Schrattenbach was succeeded in March 1772 by Count Hieronymus Colloredo, who was somewhat less lenient to begin with and who had definite ideas about music and its place in his court and church. Henceforth, all extravagance was to be suppressed. There was to be no room for polytexture, still less for "operatic" displays by soloists. Most important of all, the music was to be brief.
Sometime later, Mozart was to write to Padre Martini, his onetime teacher in Bologna: "Our church music is very different from that of Italy, since a mass with the whole Kyrie, the Gloria, the Credo, the Epistle sonata, the Offertory or Motet, the Sanctus and the Agnus Dei must not last longer than three quarters of an hour. This applies even to the most Solemn Mass said by the Archbishop himself. So you see that a special study is required for this kind of composition. At the same time, the mass must have all the instruments -- trumpets, drums and so forth."
This particular Mass, which Mozart wrote in honor of the Holy Trinity, was perhaps the first composition to require such "a special study." It is indeed brief: The entire work, including Epistle sonata and the Offertory, lasts no longer than three quarters of an hour.
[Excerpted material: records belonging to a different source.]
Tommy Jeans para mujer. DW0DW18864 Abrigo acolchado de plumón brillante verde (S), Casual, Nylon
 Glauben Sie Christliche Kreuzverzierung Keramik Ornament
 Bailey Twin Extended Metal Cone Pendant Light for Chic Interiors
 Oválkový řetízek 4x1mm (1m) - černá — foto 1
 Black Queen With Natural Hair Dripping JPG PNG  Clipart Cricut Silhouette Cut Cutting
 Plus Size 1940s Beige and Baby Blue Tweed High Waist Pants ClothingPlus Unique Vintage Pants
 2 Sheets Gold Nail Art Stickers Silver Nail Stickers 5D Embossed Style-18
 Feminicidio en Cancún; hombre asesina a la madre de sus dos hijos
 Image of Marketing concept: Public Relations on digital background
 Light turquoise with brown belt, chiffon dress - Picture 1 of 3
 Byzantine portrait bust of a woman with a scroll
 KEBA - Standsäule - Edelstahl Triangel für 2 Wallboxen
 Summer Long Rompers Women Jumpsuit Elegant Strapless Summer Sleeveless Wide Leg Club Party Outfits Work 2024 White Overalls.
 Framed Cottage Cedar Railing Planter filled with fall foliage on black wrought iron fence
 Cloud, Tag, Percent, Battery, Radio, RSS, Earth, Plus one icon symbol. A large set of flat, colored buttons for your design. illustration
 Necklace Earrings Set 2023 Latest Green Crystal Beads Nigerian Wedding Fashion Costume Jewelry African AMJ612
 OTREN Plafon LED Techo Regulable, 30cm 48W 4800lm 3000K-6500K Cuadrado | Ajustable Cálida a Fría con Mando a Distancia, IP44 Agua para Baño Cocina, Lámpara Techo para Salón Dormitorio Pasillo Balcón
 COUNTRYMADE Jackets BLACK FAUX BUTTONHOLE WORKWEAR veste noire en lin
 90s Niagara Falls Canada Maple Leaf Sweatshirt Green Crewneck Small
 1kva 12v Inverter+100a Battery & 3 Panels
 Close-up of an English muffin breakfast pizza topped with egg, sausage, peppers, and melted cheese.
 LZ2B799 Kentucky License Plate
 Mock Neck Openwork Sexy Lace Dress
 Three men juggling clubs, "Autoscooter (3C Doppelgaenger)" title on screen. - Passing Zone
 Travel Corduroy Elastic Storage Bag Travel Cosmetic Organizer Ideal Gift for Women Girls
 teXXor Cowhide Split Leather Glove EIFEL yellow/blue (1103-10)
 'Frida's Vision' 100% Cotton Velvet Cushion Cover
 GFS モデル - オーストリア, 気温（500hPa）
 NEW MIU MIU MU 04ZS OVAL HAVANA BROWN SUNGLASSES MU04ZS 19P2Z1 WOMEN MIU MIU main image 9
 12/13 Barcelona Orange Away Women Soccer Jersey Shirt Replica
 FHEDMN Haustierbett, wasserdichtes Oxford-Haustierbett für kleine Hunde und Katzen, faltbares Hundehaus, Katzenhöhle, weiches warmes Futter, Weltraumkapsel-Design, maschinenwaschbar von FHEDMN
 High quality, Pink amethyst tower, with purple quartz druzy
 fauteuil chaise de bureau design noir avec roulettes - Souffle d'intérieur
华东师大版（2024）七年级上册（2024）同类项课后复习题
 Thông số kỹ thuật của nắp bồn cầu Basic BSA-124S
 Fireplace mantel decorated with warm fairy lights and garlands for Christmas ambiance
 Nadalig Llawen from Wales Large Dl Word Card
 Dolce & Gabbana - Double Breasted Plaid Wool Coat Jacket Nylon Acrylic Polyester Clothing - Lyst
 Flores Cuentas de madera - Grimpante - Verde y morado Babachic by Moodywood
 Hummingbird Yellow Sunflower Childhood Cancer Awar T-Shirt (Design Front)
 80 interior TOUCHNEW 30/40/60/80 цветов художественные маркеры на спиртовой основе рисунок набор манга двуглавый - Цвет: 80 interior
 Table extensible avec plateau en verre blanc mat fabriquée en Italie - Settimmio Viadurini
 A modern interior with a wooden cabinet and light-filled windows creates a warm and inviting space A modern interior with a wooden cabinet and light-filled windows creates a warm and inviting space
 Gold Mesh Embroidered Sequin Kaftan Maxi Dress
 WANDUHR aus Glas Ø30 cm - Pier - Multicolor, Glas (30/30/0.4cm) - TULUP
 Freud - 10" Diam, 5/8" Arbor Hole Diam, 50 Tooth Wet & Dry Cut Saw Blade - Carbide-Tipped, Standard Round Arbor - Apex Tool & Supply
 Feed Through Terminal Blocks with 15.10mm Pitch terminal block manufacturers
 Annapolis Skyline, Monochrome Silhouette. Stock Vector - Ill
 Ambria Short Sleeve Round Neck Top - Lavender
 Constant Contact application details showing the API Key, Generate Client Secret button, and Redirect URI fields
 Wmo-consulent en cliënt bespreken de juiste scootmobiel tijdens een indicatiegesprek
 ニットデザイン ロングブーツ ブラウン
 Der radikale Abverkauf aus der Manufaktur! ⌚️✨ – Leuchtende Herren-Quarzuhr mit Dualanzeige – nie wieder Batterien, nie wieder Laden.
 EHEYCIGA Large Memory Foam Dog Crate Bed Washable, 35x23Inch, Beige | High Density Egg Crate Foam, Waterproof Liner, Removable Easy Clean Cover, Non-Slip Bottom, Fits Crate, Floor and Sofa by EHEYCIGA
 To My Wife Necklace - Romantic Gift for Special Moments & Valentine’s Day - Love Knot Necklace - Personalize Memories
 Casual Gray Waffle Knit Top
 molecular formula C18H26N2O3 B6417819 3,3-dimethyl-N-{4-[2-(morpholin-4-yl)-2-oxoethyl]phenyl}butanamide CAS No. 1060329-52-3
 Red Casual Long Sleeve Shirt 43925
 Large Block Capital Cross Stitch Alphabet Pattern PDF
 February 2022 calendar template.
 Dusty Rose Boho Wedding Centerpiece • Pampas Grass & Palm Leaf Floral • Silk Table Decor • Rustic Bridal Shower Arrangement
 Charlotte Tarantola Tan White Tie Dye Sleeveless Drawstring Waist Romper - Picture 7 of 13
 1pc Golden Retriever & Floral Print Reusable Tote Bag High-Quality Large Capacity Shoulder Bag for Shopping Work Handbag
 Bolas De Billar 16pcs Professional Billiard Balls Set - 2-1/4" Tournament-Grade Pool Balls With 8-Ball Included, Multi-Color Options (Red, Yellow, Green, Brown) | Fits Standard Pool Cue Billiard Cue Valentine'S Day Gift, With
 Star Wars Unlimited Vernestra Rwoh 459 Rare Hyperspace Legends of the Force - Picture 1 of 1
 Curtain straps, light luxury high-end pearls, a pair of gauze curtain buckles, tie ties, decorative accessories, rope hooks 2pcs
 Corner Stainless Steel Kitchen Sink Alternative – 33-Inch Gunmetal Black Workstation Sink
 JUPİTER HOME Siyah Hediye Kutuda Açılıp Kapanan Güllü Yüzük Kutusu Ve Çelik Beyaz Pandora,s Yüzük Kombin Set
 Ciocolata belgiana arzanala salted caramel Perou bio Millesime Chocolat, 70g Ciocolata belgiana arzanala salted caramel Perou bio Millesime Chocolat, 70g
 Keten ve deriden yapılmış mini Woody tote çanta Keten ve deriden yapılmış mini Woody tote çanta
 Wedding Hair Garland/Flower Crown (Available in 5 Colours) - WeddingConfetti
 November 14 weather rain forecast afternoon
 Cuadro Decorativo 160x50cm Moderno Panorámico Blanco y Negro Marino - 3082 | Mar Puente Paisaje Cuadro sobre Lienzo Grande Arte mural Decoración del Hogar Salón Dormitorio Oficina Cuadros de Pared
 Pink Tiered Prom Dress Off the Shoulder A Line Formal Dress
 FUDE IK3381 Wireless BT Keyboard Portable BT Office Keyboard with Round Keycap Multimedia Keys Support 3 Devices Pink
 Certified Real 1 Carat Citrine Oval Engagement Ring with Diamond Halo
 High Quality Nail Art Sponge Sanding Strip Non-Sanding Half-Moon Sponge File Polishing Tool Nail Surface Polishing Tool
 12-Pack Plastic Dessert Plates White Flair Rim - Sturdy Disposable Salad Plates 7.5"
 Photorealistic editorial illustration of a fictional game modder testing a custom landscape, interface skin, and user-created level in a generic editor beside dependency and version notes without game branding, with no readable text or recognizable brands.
Mozart compressed the Gloria and Credo -- which traditionally had been allotted multiple, contrasting sections -- into single, "symphonic" movements. There are no soloists, though there are plenty of trumpets: four, in fact. The Mass' brevity and the use of "all the instruments" should have pleased Colloredo. But Mozart allowed himself one bit of showmanship that may have not. According to Alfred Einstein: "Only in the Et vitam venturi does Mozart permit himself once more to write a contrapuntal display-piece, a fugue that perhaps overstepped the bounds decreed by Colloredo and to which that gentleman must have listened with impatience and displeasure."
Mozart must have enjoyed tweaking the nose of the man who would eventually become such a hated figure, who, in the Mozart family correspondence, would be referred to as the "arch-booby." The surprising thing is that it would take the young composer eight years to work up enough nerve to commit a more substantial and fateful act of rebellion.